Saturday, November 23, 2013

Bubble Meadow (Game Review)

Every once in a while, a game comes along that is both familiar and pleasant. It may not break new ground, but it can provide a few minutes of fun when you are distracted or impatient. One such game is Bubble Meadow, created by Logicking, based in Kiev, Ukraine. The art is pleasing and the game play is familar, but well tuned and works well on the Firefox OS ZTE Open.

Bubble Meadow is a simple bubble shooter, but I like it better than other bubble shooters I've played (with maybe the exception of a variant called bubble spinner), and I like bubble shooters very much. In fact, I reviewed one earlier called Planet Defense that I liked because of its space theme. But Bubble Meadow survives and succeeds for a few important reasons. But first a little about the game.

Here is the title screen. Cute, fun, bright on rainy day!

The star of the game is a cat who has a cart full of bubbles. And the meadow he is driving through has bubbles also. There are three buttons on the screen.One is for sound, and the sound doesn't work. This is the only flaw in the game, but I understand that sound is tricky in HTML5 games and I will definitely be writing about it soon.

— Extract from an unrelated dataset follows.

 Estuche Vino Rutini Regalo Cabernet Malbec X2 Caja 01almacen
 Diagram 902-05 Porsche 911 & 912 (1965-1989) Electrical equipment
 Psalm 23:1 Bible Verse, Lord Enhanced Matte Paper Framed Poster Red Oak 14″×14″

The other two buttons are Play and ?. If you press ?, you get the credits of the team in Kiev:

If you press Play and choose the first level (which is all you can choose the first time through), you get some great help and tips. This is great, even though there a lot of bubble shooters out there. Here is what the first screen tells you:

Shoot at the bubbles and match three. Notice that the art uses a finger so you know you are playing a game on a phone or tablet. You throw the bubble in your hand at the bubbles at the top of the screen. But you need to match the color, and match three to get the bubbles to burst.

Next is a useful tip. You can bounce the bubbles off the side to get the bubbles you want. Nice!

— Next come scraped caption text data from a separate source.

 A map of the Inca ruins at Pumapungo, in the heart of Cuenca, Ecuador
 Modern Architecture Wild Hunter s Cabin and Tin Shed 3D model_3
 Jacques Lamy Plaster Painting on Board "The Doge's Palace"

Finally, you are told something that makes this game more fun.

You can swap the ball in your hand for one in your cart. This helps you from getting stuck. Way cool, Logicking! Having some options makes a game cooler, more fun, and telling me about it in this simple way is better still. Firefox OS is clearly aimed at a world market, and so the rules for your game should be told in some kind of pictures. Text should be optional. I was really charmed by the rules and story for Steel Story and I can't recommend enough that it is always great if you can give the rules and tell your story in pictures, making your game easy to play in any country in the world.

So now you know how to play the game. When you press Play on the title screen, you get this:

You get a set of meadows to play in, each with a different challenge of bubbles to burst. There are 16 levels here but that is a good start. I'm looking forward to Bubble Meadow II. This screen also gives you a choice to go a main menu, which looks like this:

You can use this as a pause, and then you can resume your current level, restart it, or go to the Levels screen, or also turn off the sound if you had any (boo hoo). 

And here is the first of actual play:

The cat is holding a purple ball and he must shoot it at other purple balls. Shoot straight up, cat!

But what makes this game cool is that you can switch the balls by touching the cart:

Now he has a green ball, which he could shoot in either directions since there are two green groups.

Here's a later screen, for comparison:

As you can see, the layout of the balls is more complicated. I really like two things about this game:

  1. The balls are larger which makes it actually easier to aim but at the same time make it harder to bounce around balls you don't want.

  2. I like the option to switch balls.

And the art is really bright and colorful. This will have a permanent place on my ZTE Open! 

Even without the sound, this rates a definite 5. I look forward to more games from Logicking.

Cost: Free
Genre: Bubble Shooter (match 3)
Score: 5 (out of 5)
Tested on: ZTE Open (Firefox OS)
Get it at: Firefox Marketplace

PS: I just noticed that Logicking is the creator of Ultimate JS, an HTML5 game engine. I'll have to check it out! There are so many HTML5 game engines out there but right now I'm focusing on making everything from pure HTML5, CSS, and JavaScript (oh, and SVG, which is a good friend of HTML5. I'm also starting to look at CSS3, but I'm not sure how widely adopted it is.